The enigmatic space phenomenon known as 'Fast Radio Bursts' may be closer to being solved as astronomers recently detected a whopping 15 of the pulses emanating from one specific galaxy.
Researchers at the ET-hunting initiative dubbed 'Breakthrough Listen' pointed their telescope towards an area of deep space known for repeating FRBs and were amazed by what they found.
Over the course of only five hours of observation, the team detected 15 of the bursts coming from the dwarf galaxy which is 3 billion light years away and that had previously produced repeating FRBs.

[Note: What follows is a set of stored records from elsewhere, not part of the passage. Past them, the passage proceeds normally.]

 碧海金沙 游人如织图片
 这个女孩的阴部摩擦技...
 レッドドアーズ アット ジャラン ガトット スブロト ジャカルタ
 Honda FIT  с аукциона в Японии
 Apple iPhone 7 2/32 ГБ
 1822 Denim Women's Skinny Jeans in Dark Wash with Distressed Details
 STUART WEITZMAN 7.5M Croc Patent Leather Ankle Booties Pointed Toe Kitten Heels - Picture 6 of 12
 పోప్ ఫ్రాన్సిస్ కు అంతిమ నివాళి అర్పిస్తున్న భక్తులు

As only a relative handful of the pulses have been spotted in the decade since they were first discovered, astronomers say that data from the new slew of FRBs could go a long way towards determining what causes them.

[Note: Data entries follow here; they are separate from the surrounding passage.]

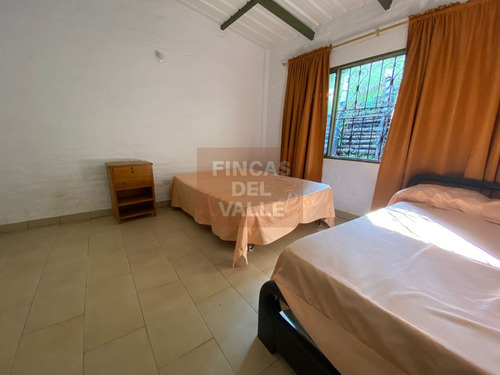 Dapa, 3.200 M2, Excelente Ubicación En Zona Tranquila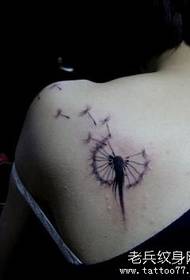 tattoo dandelion íogair ar ghualainn an chailín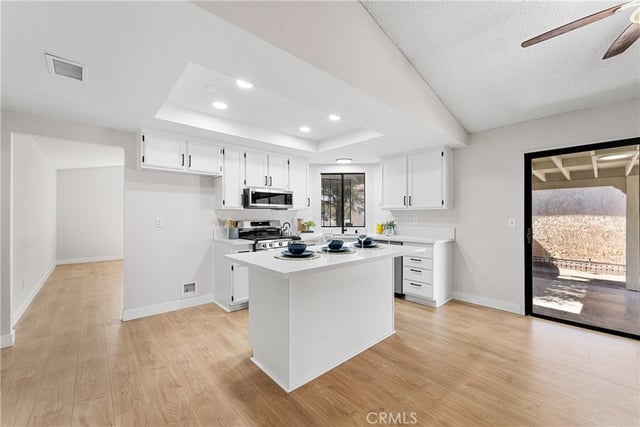 3515 E Avenue R12, Palmdale, CA 93550 — photo 12 of 44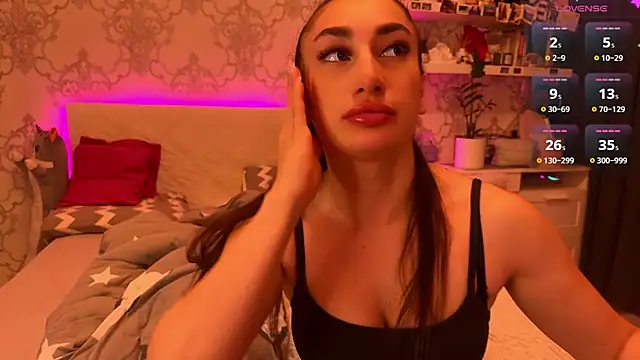 Snapshot of MyNaomi chatting on July 2026 06:30:02 PM MyNaomi online show from July 2026 06:30:02 PM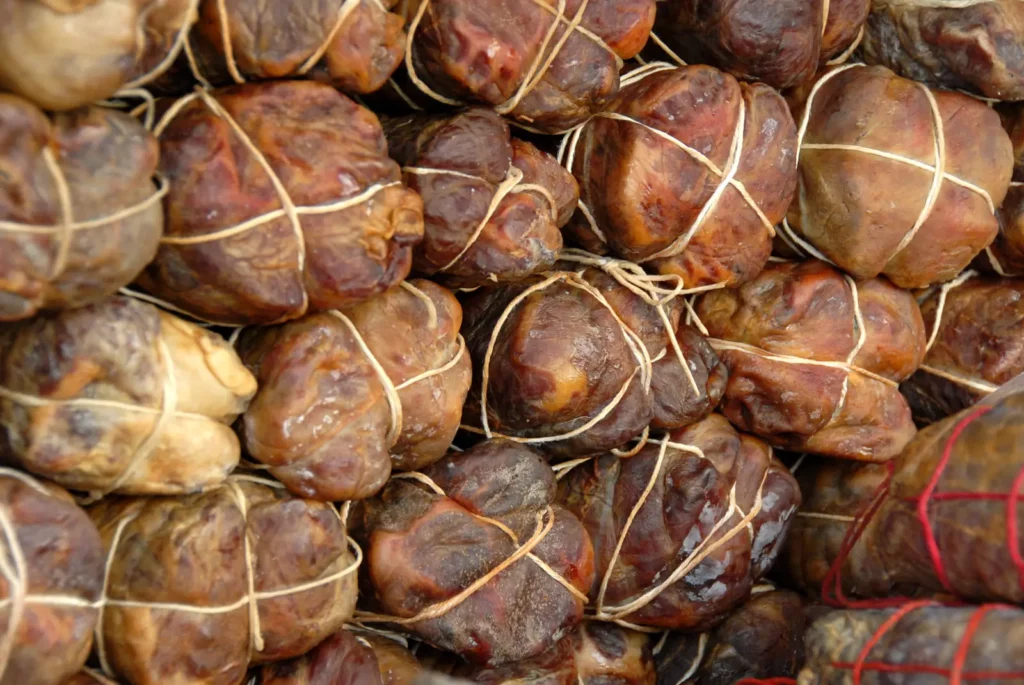 Charcuterie artisanale de Corse Figatelli corses noués, présentés en tas, représentant une charcuterie traditionnelle de l’île.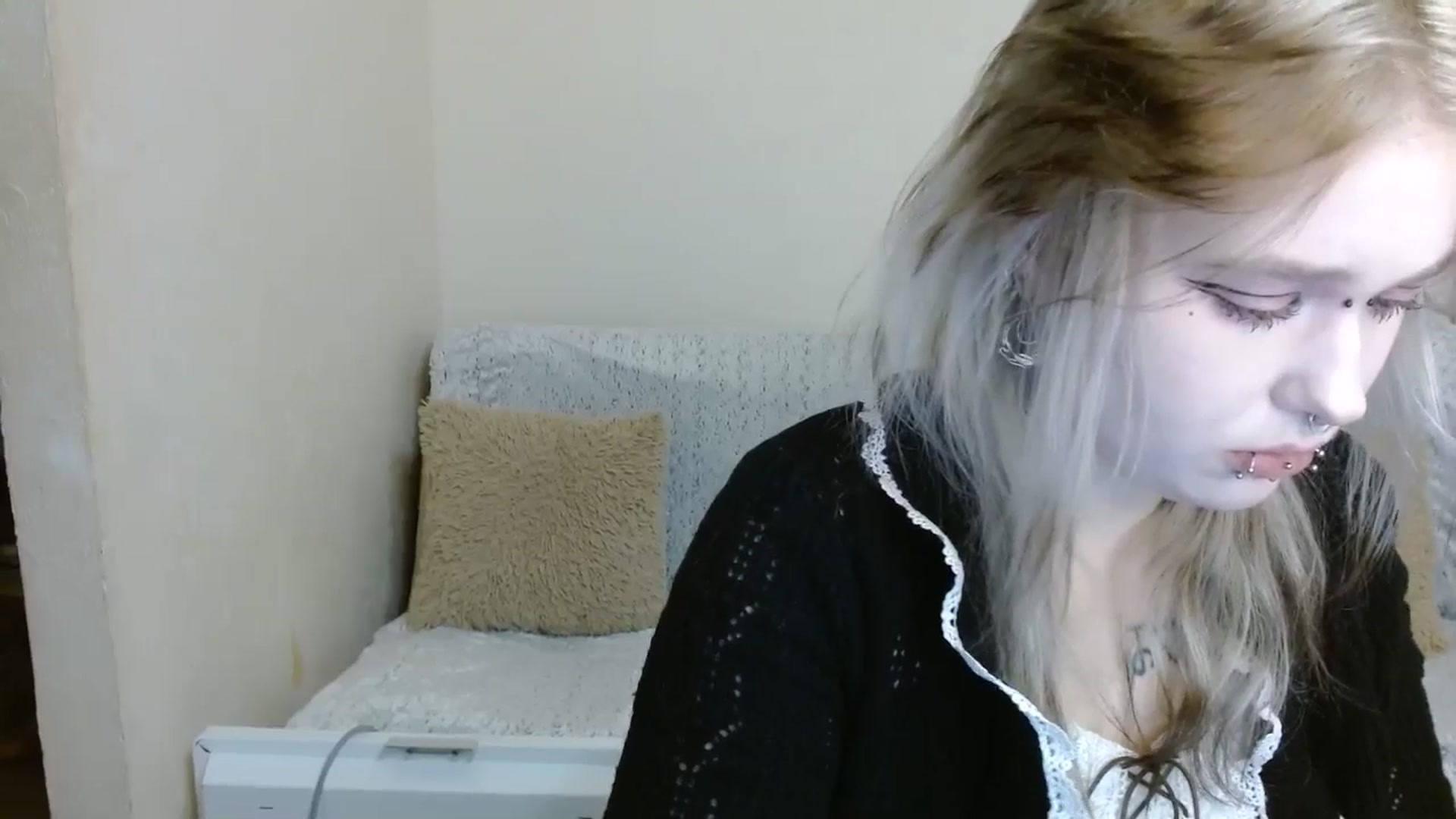Gallery image thumbnail from Killinna's myfreecams stream on, 12/19/2025, 15:27 image 16 of 20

Based on the remarkable frequency of these particular FRBs, it is believed that theories which suggest that the phenomenon is caused by a one-off celestial incident, like a collision of black holes, can likely be ruled out.

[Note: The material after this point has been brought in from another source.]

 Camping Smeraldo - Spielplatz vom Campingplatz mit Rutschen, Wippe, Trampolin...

Still under consideration, of course, is the tantalizing possibility that the fast radio bursts have an ET origin, whether as a form of communication or simply as a byproduct of alien activity inadvertently discovered by humans.
Alongside the infamous 'alien megastructure' star, FRBs have emerged in recent years as a perplexing space mystery often cited as something which may be connected to ETs.
While the researchers were reticent to give the ET hypothesis too much weight, they did concede that it remains 'on the table' as far as what may be behind the FRBs.
Hopeful UFO enthusiasts, however, would be wise to temper their expectations, since astronomers still say that the 'alien origin' theory is a longshot.
And, even worse, should these FRBs be coming from ETs, they're still three billion light years away, meaning that it's highly unlikely we'll be seeing the aliens who produced the pulses anytime soon.